After a long holiday weekend, U.S. stocks came stumbling out of the gate Monday, unable to determine how, or even whether, they should react to yet more “strength” in the dollar. We’ve wrapped the word “strength” in quotes because it is only in relationship to a euro enfeebled by financial crisis that the dollar could ever appear to be strong. And so it was yesterday, with the Dollar Index rallying to within 0.66 points of an ambitious, 81.80 target we’d sent out to subscribers the night before. We had thought the latest eurocrisis had been laid to rest with the imposition last week of a bailout package on Ireland. The country had officially requested help, after all, and one might have thought that the ratification of the deal would have been automatic. Turns out, the Irish people themselves will have a say, since their parliament will meet on December 7 to pass a budget that may or may not incorporate the provisions of the bailout.
Those provisions evidently were not buried in fine print, since fully one percent of Ireland’s population marched on Saturday to protest them – to protest the tough strictures that the bailout, worth an estimated €85 billion, would impose. For starters, any money borrowed would have to be repaid at 6.7%, a return that even the most aggressive hedge funds are not achieving in these deflationary times. And for two, the Irish would have until 2015 to get the budget deficit down under 3% of GDP, in accordance with EU rules. If that’s the best that lenders have to offer, then at least 50,000 to 100,000 Irishmen who marched over the weekend would rather tell the IMF to shove it than accept all the strings that would come attached to the deal.
And If the Vote Is ‘No’?
What that means in practice is that the euro is likely to remain under pressure till at least December 7. And if Parliament should vote down the package? Expect the euro to get savaged as never before. Earlier, we’d told traders to buy euro futures aggressively if the December contract fell to 1.2953, a Hidden Pivot target that lies about 1.2% below the current price of 1.3116. But if the vote on December 7 rejects the IMF package, we’d back off the recommendation and buy euros at our target only with tight stops. At that point, the euro would be vulnerable to a further fall to at least 1.26, where the “structural” support of some key lows made in late August and early September would be felt.
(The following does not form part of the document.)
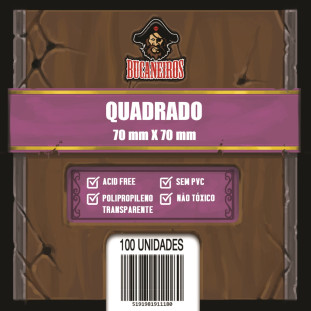 Sleeve Bucaneiros Quadrado (70x70mm)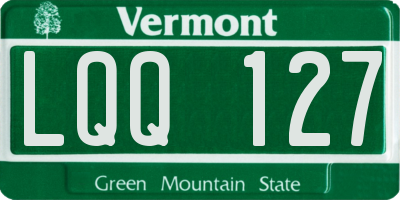 VT license plate LQQ127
For the record, although a “strong” dollar over the next couple of weeks would put further pressure on gold and silver, we would expect bullion to hold its own as the Irish crisis peaks. Gold, currently trading around $1367 (basis the Comex March contract) might come down as low as $1300 under the circumstances. But whatever lows in bullion correspond to a euro selloff in the days following a parliamentary “nay!” we’d view them as the buying opportunity of the year.